After years of serious study and service to her community, the Hebrew Institute of Riverdale, Hurwitz was given the brand-new title of Maharat — an acronym signifying one who is a public leader, halachic decider, spiritual guide and Torah scholar. In the words of her mentor, Rabbi Avi Weiss, she is “a full member of the clergy, with the distinct voice of a woman.” Were she a man, she’d be a rabbi. Were she a Reform, Reconstructionist or Conservative Jew, she’d be a rabbi. But Hurwitz really wanted to stay in Orthodoxy’s fold, a decision both comfortable and challenging.

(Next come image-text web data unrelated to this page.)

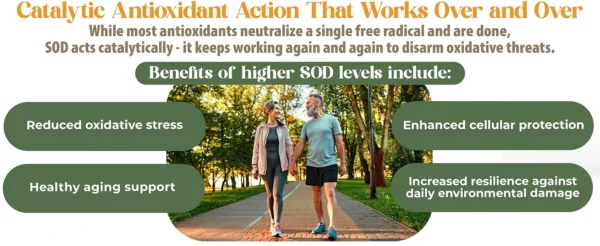 SOD Support - Image 5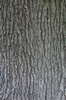 TEXTURE, MAPLE-DARK
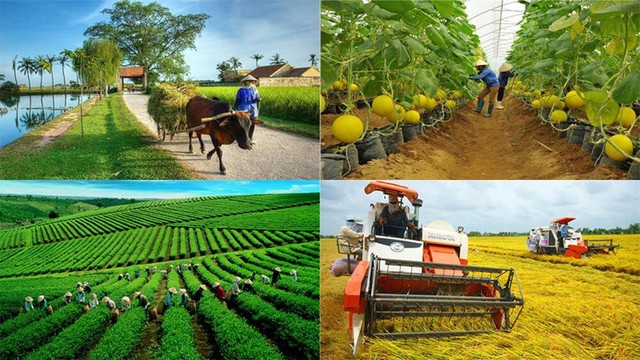Hà Nội: Doanh thu hợp tác xã phấn đấu đạt 3,8 tỷ đồng/năm - Ảnh 1.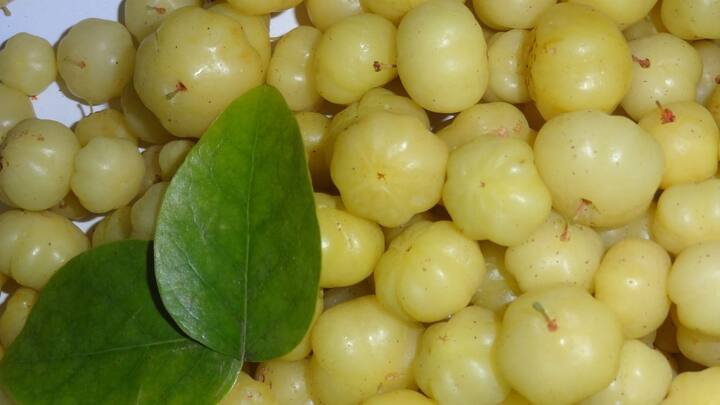 শরীর থেকে টক্সিন দূর করতে পারে আমলকি। পাশাপাশি লিভারের স্বাস্থ্য ভাল রাখে আমলা।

Now 32 years old, the South African-born Hurwitz felt a calling to the clergy from the time she began to think about a career, and at first thought she had nowhere to go with that passion as a devout Orthodox Jew. But women have started to make inroads into a community that for thousands of years has reserved the right to study Talmud, to lead public worship, to rule on Jewish law and to perform the countless other tasks associated with power and leadership for men, and men alone. There are now serious houses of learning for women, in the United States and Israel, an important stepping-stone for those who aspire to leadership within an Orthodox world that prizes intellectual pursuit.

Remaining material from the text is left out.